Specifically, social media use has become even more prevalent. If employees irresponsibly use social media, their actions can easily lead to serious HIPAA violations. Make sure staff understand the consequences of not following your HIPAA policies. 

For example, you can share the story of a nurse at Michigan’s Oakwood Hospital that wrote a Facebook post about a patient accused of killing a police officer. Although the nurse didn’t use the patient’s name or social security number, this was still a breach of the HIPAA Privacy Rule.

Workforce members are considered the weakest link in PHI security and HIPAA compliance by most security professionals. 

As you set up your training plan, here are some tips to consider: 

  • Provide training as a mandatory part of new hire orientation 

  • Require monthly or quarterly training of all staff members or develop a weekly educational program (because annual training isn’t enough) 

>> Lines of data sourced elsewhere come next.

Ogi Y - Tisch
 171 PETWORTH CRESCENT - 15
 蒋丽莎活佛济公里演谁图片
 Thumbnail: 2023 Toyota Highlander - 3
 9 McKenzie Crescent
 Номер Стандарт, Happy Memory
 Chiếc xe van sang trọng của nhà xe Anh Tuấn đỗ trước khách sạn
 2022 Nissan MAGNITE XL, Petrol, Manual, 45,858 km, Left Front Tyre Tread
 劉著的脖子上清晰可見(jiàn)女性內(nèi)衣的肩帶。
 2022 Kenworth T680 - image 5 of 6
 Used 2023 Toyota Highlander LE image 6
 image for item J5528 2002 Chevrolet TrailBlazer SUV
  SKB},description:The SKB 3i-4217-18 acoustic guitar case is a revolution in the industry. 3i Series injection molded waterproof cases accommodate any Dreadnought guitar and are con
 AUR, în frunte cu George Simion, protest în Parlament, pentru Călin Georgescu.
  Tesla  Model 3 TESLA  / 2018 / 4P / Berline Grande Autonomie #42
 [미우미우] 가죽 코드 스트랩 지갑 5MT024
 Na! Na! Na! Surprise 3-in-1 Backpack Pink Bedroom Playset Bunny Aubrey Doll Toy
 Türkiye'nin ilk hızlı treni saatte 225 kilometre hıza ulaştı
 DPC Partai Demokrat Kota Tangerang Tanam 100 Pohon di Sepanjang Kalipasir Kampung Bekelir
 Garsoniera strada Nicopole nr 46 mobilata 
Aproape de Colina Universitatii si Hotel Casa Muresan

  • Keep a repository of policies and procedures (keep these updated and inform staff of updates) 

  • Develop a verification process to ensure training completion
  • Document dates and times when workforce members complete their training 

  • Regularly test workforce members on training 
  • Evaluate your training program effectiveness each quarter 

  • Reduce costs by making training part of your comprehensive educational program

In addition to your training plan, make sure you have and follow appropriate sanctions (i.e., disciplinary action) for workforce members that do not comply with your policies and procedures.


CONCLUSION

HIPAA compliance is never completely finished. You will often need to examine how your organization uses and/or discloses patient information and make adjustments to procedures when necessary.

However, compliance to the HIPAA Privacy Rule doesn’t have to be an impossible task. Break your compliance efforts into manageable tasks. 

For example, start by reviewing one new HIPAA Privacy Rule policy a week, then you can implement procedures to follow your established policy. Next, train workforce members about this new policy and any procedures they need to follow. Make sure that staff receives specific rules and regular training after your initial training.